Segment Start: SOURCE MATERIAL
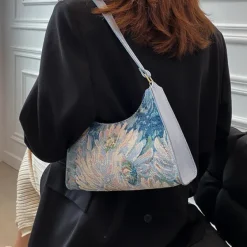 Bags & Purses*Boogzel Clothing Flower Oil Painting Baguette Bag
Segment End: SOURCE MATERIAL
Segment Start: SOURCE MATERIAL
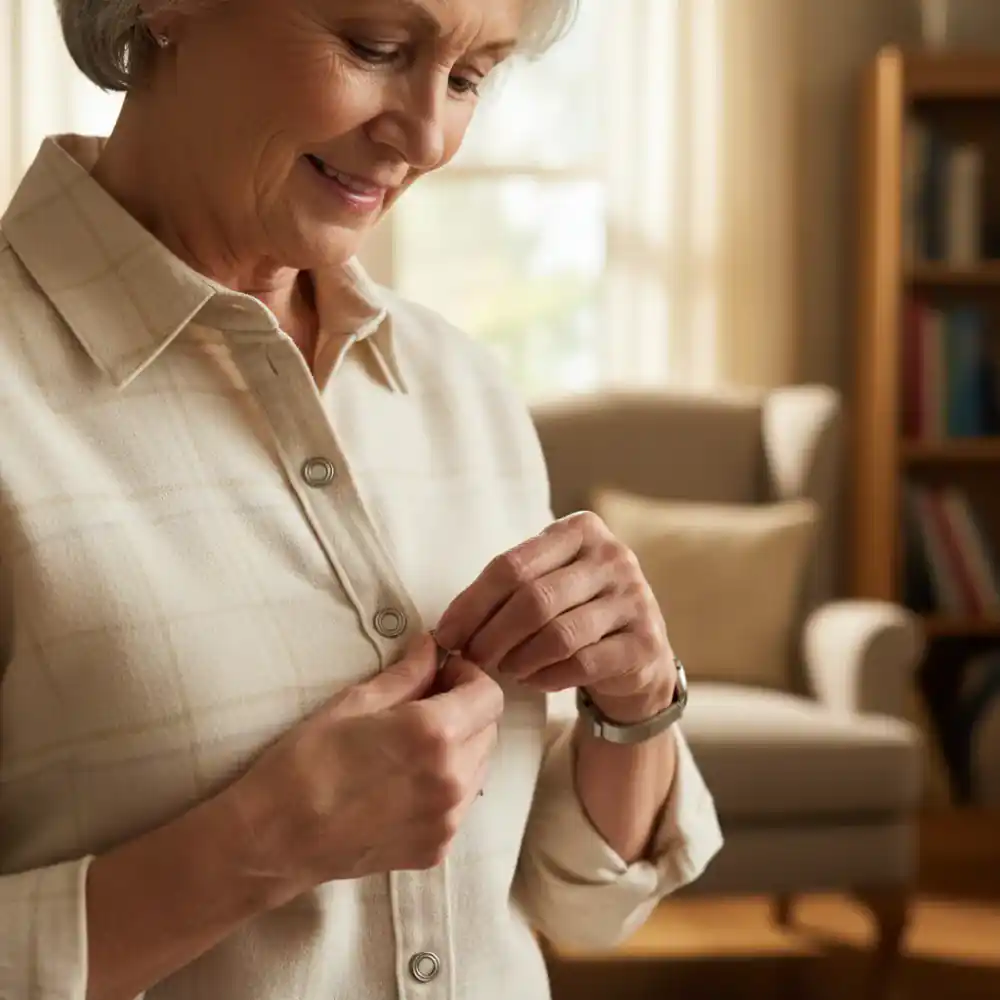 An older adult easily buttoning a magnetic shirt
Segment End: SOURCE MATERIAL
Segment Start: SOURCE MATERIAL
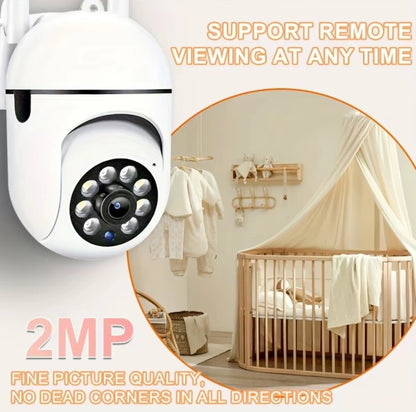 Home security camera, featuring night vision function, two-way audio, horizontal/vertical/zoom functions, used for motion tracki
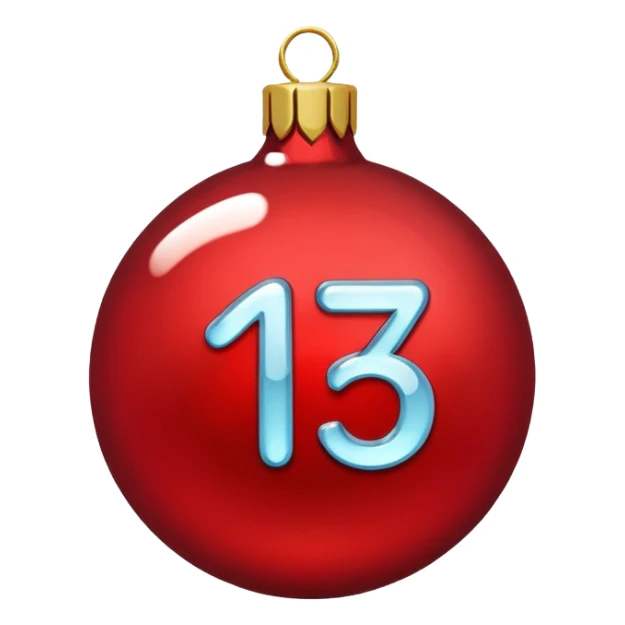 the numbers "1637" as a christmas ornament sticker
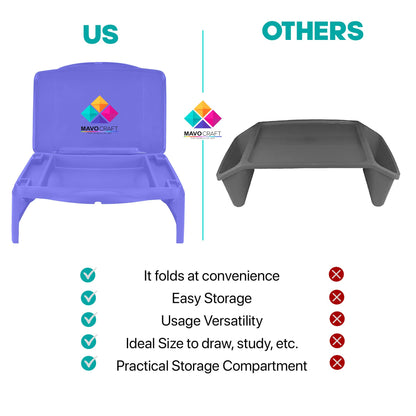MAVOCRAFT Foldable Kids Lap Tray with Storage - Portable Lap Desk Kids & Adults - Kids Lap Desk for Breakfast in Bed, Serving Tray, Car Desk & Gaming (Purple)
Segment End: SOURCE MATERIAL
_DESCRIPTION OF THE TASK_
Taking the entries above, extract every line from the one bearing "christmas ornament sticker" through the one bearing "MAVOCRAFT Foldable Kids", exactly, with no pictures.

_EXPECTED ANSWER_
 the numbers "1637" as a christmas ornament sticker
MAVOCRAFT Foldable Kids Lap Tray with Storage - Portable Lap Desk Kids & Adults - Kids Lap Desk for Breakfast in Bed, Serving Tray, Car Desk & Gaming (Purple)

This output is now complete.